V_V comments on Naturalistic trust among AIs: The parable of the thesis advisor's theorem - Less Wrong

24 Post author: Benja 15 December 2013 08:32AM

You are viewing a comment permalink. View the original post to see all comments and the full post content.

Comments (20)

You are viewing a single comment's thread.

Comment author: V_V 16 December 2013 03:44:10PM *  3 points [-]

I'm under the impression that all these "Löbian obstacles" essentially boil down to the "you can't be sure that you are not insane" kind of stuff.

IIUC, your thesis advisors scenario can be solved by having a first thesis advisor who only outputs theorems which are provable within some formal system and every other thesis advisor trusting by axiom his predecessor.
This doesn't work in your (MIRI's) framework because you want the agent to trust not its ancestors but its successors, and you want this to hold for an unbounded number of generations.
But this may just be a problem of your framework, not some fundamental propriety of computational agents. At least, you haven't produced a satisfactory argument for that.
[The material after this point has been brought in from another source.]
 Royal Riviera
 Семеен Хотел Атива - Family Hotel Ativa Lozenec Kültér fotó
Anyway, I think that framing these problems in terms of provability logic might be inappropriate, as concepts like "beliefs", "trust" or "agents" are difficult to formalize in that language, hence you get a mix of formal and informal reasoning, which is the traditional recipe for paradoxes and errors.
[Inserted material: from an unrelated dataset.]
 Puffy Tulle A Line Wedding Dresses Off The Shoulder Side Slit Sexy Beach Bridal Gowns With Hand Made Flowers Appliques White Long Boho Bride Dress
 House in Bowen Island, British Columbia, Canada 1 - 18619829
It's much better to frame these problems directly in terms of computer programs. This way agents, internal states, world physics, etc., can be defined in a much more precise way.
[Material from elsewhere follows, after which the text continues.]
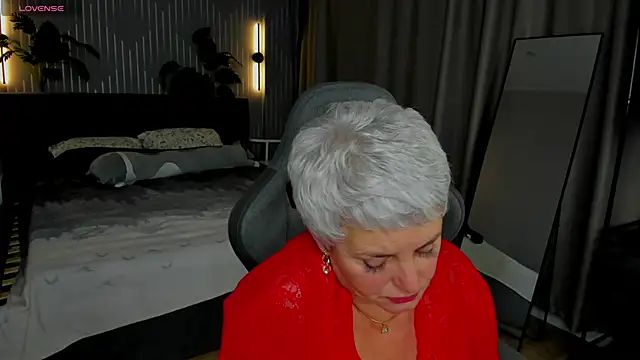 Snapshot of Linda_Zef1r chatting on June 2026 01:34:02 AM Linda Zef1r online show from June 2026 01:34:02 AM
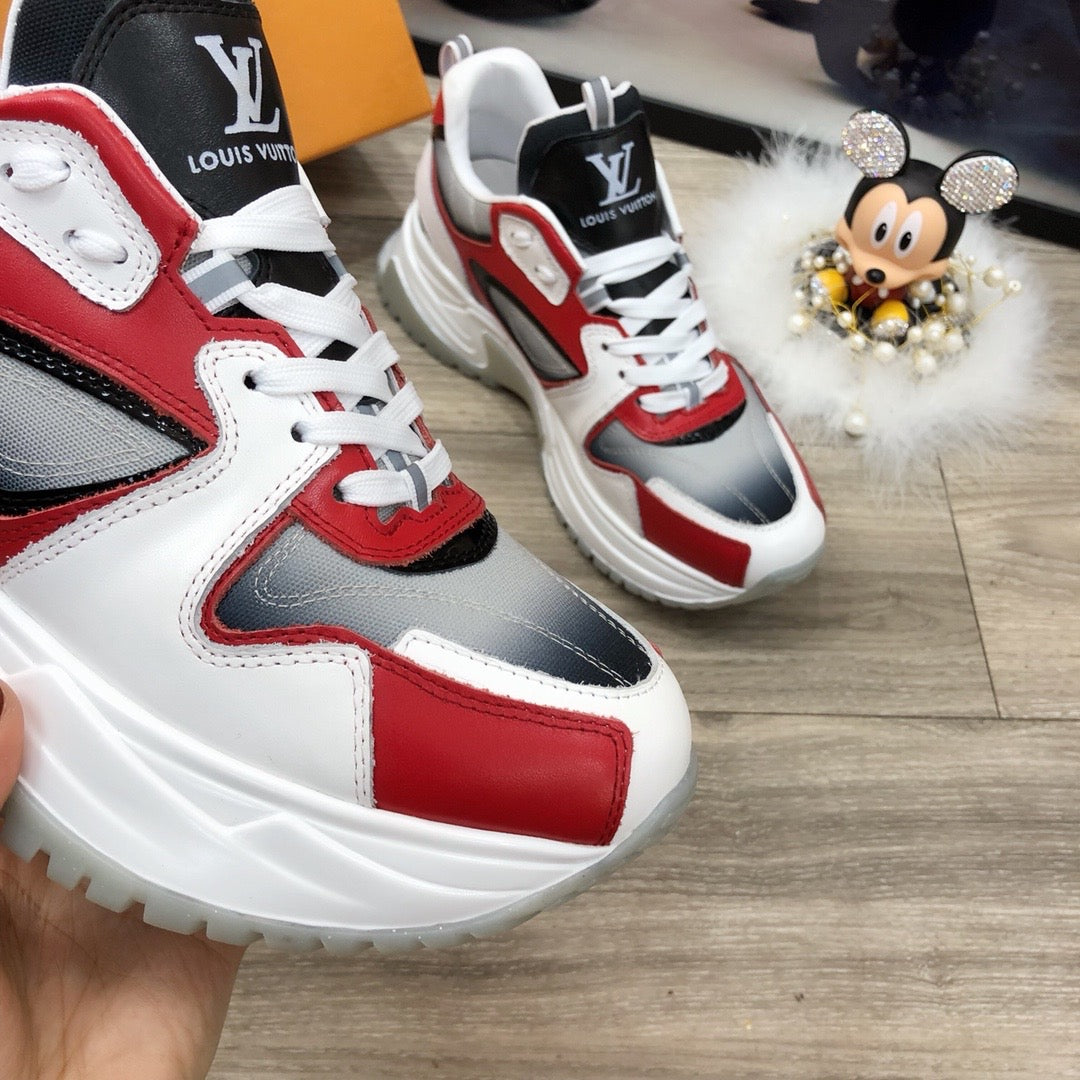 LU Sneakers Run Away Pulse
In this framework the main "Gödelian" result is Rice's theorem, which, among other things, implies that functional equivalence between arbitrary programs is uncomputable. Nevertheless, there exist under-approximations of functional equivalence which are computable, and this can be exploited by "cliquing" strategies in scenarios where programs have to "trust" each other (e.g. program-equilibrium prisoner's dilemma).
Cliquing based on a lexical equivalence predicate is restrictive, obviously, but it can be generalized on any predicate that under-approximates functional equivalence.
Of course, this assumes that you start with a program that is free of bugs, OS and compilers are free of bugs, hardware never glitches, and so on. But, unrealistic as it is, this seems to be an unavoidable assumption: no program will ever be able to debug itself, or to certify that the hardware it runs on works as advertised.

Comment author: cousin_it 17 December 2013 08:54:59AM *  1 point [-]

Yeah, good points. Previously discussed in this post and this comment. (I see you also commented there.) I'd love to see more progress in that direction.

Comment author: V_V 20 December 2013 02:06:50AM 0 points [-]

Thanks. Added a comment in the WD/EY subthread.